Some risk factors are also similar. For example, both diseases could be related to genetics, with a predisposition to them should a member of the immediate family already suffer from them. Also, certain types of infections can make an individual more prone to developing both conditions. However, the overall prognosis, as well as the various risk factors and treatments, are very different between Guillain-Barré and multiple sclerosis.

How GBS and MS differ

Though both disorders stem from an autoimmune attack on the nervous system, the area of the nerves affected is different. In multiple sclerosis, the immune system targets the central nervous system, or CNS, which is the brain, spinal cord, and optic nerve. By contrast, Guillain-Barré attacks the peripheral nervous system, or those nerves outside the CNS that are located in other areas of the body and communicate with the CNS.

Other differences include:

  • Onset of Guillain-Barré usually occurs within a day or two, with symptoms progressing rapidly. The initial episode of symptoms in multiple sclerosis may take several days to culminate in a notable difference.
  • While certain infections may be behind the development of both conditions, there is a pattern difference. In Guillain-Barré, the condition typically arises shortly after suffering one of the following infections, which may alter the cells in the nerves and cause the autoimmune response:
    • Campylobacter (a bacteria found in poultry that is improperly cooked)
    • The flu
    • Cytomegalovirus (a herpes strain)
    • Epstein-Barr virus (mononucleosis or similar, such as chickenpox)
    • Zika virus
    • Hepatitis A, B, C, or E
    • HIV or AIDS
    • Certain types of pneumonia

In some cases, it may also be due to surgery or a recent vaccination. By contrast, MS is perhaps related to an underlying condition such as exposure to Epstein-Barr or the existence of another autoimmune disease, such as type 1 diabetes, rheumatoid arthritis, or thyroid disease.

  • While neither disease has a cure, most patients experiencing Guillain-Barré will have a full recovery, with a potential for some minimal residual effects in the future, such as random tingling in the extremities. On the other hand, patients with MS will have continual relapses of symptoms, which will eventually worsen and be constant during progression of the disease.
  • GBS often leads to paralysis (although temporary), while this is not a typical symptom of MS until extremely advanced stages.
  • Treatment for GBS typically involves hospitalization in order to perform a plasma exchange, in which the white and red blood cells are separated from the liquid part of the blood.

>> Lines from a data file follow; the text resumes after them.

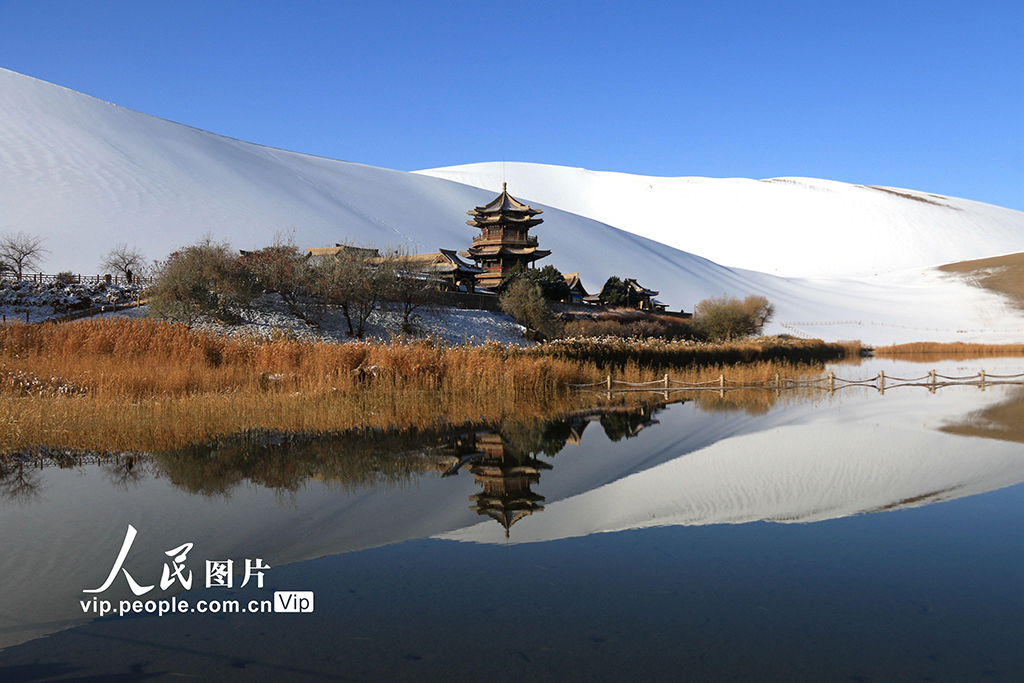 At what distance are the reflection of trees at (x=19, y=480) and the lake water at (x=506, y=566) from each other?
4 centimetres

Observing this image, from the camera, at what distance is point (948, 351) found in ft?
149

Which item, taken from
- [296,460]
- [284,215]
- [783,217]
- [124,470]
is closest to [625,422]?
[296,460]

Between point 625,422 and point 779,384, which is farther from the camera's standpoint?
point 779,384

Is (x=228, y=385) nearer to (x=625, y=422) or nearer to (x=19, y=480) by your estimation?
(x=19, y=480)

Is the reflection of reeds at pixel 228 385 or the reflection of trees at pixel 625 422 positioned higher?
the reflection of reeds at pixel 228 385

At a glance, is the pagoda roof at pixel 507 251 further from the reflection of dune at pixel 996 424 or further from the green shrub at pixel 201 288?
the reflection of dune at pixel 996 424

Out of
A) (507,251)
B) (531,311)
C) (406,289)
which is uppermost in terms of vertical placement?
(507,251)

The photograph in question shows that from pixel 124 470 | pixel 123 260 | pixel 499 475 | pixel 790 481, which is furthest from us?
pixel 123 260

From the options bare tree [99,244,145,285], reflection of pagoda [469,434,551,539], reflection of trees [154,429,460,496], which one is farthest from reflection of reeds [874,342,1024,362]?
bare tree [99,244,145,285]

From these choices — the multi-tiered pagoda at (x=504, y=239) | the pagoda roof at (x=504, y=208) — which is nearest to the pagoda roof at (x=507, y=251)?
the multi-tiered pagoda at (x=504, y=239)

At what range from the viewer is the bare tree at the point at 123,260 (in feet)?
120

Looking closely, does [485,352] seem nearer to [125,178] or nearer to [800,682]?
[800,682]

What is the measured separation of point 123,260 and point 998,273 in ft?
264

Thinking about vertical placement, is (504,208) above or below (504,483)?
above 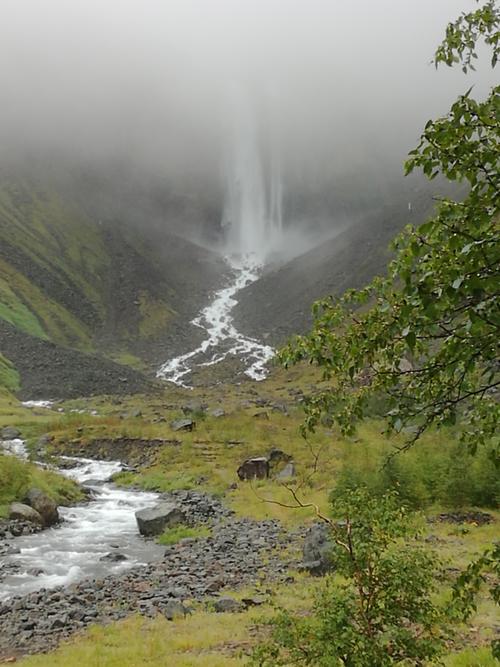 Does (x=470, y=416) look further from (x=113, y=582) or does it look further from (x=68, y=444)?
(x=68, y=444)

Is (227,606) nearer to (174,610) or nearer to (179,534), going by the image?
(174,610)

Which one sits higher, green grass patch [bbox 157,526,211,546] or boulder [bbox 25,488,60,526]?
boulder [bbox 25,488,60,526]

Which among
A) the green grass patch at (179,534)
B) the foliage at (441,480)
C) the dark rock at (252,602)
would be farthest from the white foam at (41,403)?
the dark rock at (252,602)

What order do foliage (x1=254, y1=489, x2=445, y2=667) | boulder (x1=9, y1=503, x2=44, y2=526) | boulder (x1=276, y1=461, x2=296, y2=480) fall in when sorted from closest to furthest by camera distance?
foliage (x1=254, y1=489, x2=445, y2=667)
boulder (x1=9, y1=503, x2=44, y2=526)
boulder (x1=276, y1=461, x2=296, y2=480)

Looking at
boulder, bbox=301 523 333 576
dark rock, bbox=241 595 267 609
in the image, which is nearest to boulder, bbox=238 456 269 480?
boulder, bbox=301 523 333 576

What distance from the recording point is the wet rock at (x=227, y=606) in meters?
14.2

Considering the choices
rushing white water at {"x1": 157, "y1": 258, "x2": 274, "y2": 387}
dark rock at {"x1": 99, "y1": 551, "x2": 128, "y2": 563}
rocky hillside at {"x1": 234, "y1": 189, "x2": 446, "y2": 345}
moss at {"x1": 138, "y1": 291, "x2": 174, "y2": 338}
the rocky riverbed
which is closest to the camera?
the rocky riverbed

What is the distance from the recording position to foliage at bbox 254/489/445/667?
233 inches

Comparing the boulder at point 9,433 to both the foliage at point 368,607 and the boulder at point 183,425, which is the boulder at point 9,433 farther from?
the foliage at point 368,607

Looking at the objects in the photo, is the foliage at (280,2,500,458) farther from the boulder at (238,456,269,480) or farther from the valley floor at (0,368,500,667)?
the boulder at (238,456,269,480)

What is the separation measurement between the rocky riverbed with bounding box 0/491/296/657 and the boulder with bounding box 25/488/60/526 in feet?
22.8

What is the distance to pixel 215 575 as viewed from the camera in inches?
714

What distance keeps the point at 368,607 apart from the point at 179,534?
748 inches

The red and white blood cells are reintroduced into the body with donor plasma or a substitute, which means that the antibodies and attacking the nerves are removed with the liquid part of the blood. For MS, treatments include anti-inflammatory, immunosuppressant, and chemotherapy options, as well as some pain management.

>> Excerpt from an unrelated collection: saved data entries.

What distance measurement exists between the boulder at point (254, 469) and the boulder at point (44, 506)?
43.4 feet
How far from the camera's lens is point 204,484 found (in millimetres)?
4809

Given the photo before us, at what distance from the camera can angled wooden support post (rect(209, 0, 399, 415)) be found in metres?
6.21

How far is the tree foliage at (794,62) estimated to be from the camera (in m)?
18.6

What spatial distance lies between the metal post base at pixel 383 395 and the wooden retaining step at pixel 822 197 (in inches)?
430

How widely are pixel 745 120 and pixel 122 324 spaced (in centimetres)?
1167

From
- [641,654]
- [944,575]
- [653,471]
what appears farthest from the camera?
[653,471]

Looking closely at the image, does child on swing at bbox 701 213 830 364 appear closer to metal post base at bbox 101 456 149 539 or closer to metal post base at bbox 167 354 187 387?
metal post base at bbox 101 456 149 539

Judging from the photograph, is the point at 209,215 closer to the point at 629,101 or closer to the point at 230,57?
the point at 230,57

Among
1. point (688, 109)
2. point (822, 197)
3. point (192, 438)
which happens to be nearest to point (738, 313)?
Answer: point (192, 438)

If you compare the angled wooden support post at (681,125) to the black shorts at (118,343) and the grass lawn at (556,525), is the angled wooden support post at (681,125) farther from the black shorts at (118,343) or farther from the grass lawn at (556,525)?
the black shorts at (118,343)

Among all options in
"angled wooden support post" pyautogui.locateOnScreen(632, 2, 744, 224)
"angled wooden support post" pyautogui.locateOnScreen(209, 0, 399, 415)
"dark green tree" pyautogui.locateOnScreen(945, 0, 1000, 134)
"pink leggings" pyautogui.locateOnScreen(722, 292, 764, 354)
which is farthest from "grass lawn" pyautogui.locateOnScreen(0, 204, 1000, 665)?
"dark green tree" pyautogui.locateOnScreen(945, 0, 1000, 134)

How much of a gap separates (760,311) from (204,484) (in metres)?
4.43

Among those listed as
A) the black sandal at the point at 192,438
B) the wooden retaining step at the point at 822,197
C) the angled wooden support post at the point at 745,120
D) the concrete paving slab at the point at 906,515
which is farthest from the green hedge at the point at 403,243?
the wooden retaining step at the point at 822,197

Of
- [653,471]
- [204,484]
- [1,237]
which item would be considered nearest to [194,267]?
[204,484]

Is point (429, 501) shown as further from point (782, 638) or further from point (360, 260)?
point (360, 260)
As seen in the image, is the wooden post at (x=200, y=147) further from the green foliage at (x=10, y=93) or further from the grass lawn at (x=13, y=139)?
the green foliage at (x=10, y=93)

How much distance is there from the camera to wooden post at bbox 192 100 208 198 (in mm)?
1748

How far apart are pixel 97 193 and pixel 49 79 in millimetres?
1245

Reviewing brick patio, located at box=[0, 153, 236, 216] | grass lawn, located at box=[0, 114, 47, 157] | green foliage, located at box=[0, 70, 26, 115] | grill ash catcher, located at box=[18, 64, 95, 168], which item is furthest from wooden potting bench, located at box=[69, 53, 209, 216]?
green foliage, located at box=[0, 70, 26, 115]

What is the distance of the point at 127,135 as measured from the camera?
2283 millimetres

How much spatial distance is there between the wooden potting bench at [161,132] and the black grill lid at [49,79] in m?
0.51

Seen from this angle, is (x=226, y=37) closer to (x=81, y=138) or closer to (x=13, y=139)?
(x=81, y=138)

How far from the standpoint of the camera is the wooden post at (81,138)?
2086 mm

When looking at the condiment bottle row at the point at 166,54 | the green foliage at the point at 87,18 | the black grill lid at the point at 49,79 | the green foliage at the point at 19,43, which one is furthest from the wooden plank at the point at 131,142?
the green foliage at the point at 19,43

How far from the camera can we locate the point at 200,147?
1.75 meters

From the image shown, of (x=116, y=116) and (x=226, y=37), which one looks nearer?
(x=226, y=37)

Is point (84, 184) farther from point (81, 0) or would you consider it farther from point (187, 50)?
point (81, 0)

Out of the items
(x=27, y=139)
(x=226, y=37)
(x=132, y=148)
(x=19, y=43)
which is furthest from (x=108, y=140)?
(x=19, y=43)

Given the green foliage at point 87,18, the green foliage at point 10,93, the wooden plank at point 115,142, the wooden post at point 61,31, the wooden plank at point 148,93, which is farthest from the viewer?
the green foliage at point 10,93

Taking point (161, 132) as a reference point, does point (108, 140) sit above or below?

Risk factors for Guillain-Barré differ from multiple sclerosis as well. While women are three times as likely as men to develop MS, GBS is far more common among men. Patients with a vitamin D deficiency seem to be more likely to develop MS as well, while this doesn’t seem to weigh into the potential for GBS. More people suffer from multiple sclerosis than GBS, with about one in 100,000 developing GBS, while approximately one in four hundred are estimated to have MS.

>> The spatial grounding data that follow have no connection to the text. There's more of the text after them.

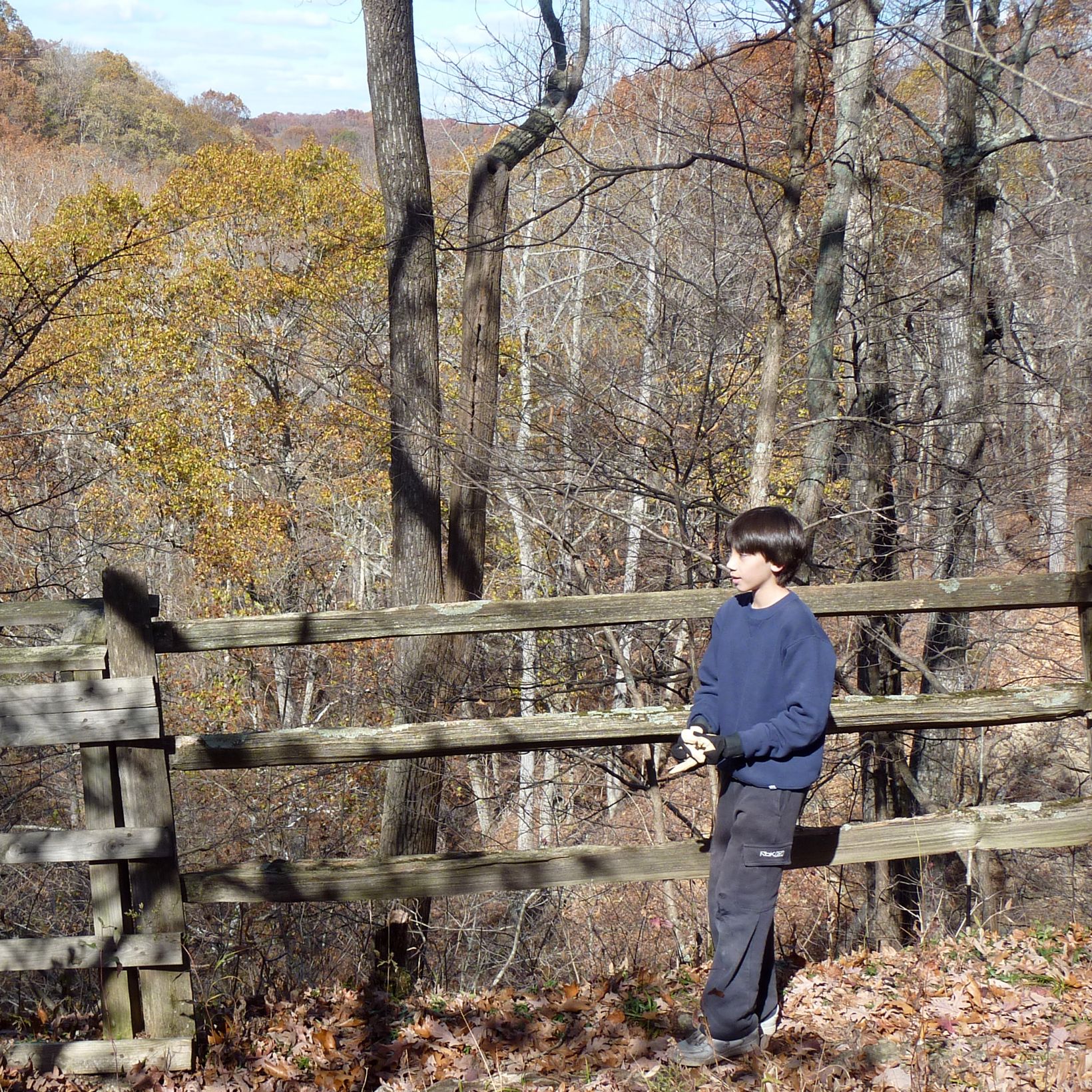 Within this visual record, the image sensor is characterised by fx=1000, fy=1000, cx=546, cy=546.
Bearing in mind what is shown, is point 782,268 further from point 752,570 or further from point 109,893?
point 109,893

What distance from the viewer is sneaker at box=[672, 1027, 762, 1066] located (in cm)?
306

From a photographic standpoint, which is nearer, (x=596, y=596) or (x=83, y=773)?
(x=83, y=773)

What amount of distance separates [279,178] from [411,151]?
19686 millimetres

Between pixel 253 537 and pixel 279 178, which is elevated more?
pixel 279 178

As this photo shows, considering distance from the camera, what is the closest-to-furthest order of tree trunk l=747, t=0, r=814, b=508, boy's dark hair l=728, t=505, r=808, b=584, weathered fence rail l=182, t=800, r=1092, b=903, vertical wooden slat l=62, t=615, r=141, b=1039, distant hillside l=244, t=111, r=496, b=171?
boy's dark hair l=728, t=505, r=808, b=584
vertical wooden slat l=62, t=615, r=141, b=1039
weathered fence rail l=182, t=800, r=1092, b=903
tree trunk l=747, t=0, r=814, b=508
distant hillside l=244, t=111, r=496, b=171

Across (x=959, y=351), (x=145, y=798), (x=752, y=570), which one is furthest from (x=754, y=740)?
(x=959, y=351)

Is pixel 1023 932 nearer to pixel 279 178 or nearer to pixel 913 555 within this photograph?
pixel 913 555

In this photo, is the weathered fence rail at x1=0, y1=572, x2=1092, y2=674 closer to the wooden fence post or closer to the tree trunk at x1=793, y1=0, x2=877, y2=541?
the wooden fence post

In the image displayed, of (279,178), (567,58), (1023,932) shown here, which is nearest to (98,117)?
(279,178)

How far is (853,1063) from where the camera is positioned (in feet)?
10.2

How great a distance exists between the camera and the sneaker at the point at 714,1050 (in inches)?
120

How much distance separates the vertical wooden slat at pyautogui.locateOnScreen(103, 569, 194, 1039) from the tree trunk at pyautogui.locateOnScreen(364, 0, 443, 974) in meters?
4.85

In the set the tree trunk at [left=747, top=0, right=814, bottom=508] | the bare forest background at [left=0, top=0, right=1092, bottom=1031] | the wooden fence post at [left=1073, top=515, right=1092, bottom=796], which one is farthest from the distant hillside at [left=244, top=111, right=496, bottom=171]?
the wooden fence post at [left=1073, top=515, right=1092, bottom=796]

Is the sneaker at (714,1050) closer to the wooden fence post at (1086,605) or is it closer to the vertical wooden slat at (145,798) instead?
the vertical wooden slat at (145,798) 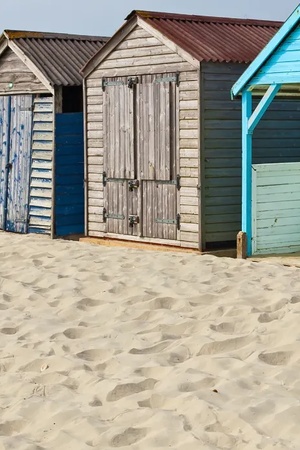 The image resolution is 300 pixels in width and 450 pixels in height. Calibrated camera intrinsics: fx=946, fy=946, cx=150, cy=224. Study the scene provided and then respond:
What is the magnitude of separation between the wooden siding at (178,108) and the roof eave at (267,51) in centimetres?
88

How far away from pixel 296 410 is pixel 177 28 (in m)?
8.84

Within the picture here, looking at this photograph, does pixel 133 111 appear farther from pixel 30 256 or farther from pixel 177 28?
pixel 30 256

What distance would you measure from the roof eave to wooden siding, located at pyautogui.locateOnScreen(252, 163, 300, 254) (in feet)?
3.35

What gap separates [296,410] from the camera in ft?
18.2

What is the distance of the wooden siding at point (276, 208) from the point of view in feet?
39.9

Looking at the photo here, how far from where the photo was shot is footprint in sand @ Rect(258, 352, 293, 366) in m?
6.77

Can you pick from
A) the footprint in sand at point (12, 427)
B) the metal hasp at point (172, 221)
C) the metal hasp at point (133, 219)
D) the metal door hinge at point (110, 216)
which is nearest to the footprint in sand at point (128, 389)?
the footprint in sand at point (12, 427)

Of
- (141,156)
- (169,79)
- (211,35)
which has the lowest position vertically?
(141,156)

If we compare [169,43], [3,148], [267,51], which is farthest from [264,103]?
[3,148]

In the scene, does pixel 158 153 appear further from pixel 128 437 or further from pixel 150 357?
pixel 128 437

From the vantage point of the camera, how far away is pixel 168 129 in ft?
43.1

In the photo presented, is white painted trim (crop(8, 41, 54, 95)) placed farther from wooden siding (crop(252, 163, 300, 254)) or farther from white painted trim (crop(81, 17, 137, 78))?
wooden siding (crop(252, 163, 300, 254))

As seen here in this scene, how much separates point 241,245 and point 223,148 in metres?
1.53

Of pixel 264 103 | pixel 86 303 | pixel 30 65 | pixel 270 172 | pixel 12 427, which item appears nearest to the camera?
pixel 12 427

Early detection of both multiple sclerosis and Guillain-Barré syndrome are crucial in reducing the significance of permanent and irreversible damage to the nervous system, as well as treating the disease. Since neither has a cure, getting treatment for someone with Guillain-Barré to avoid peripheral nerve damage is crucial, while early treatment for MS can actually slow the progression of the disease significantly. Consulting a physician with any of the symptoms related to these conditions could offer a patient a far happier and higher quality life.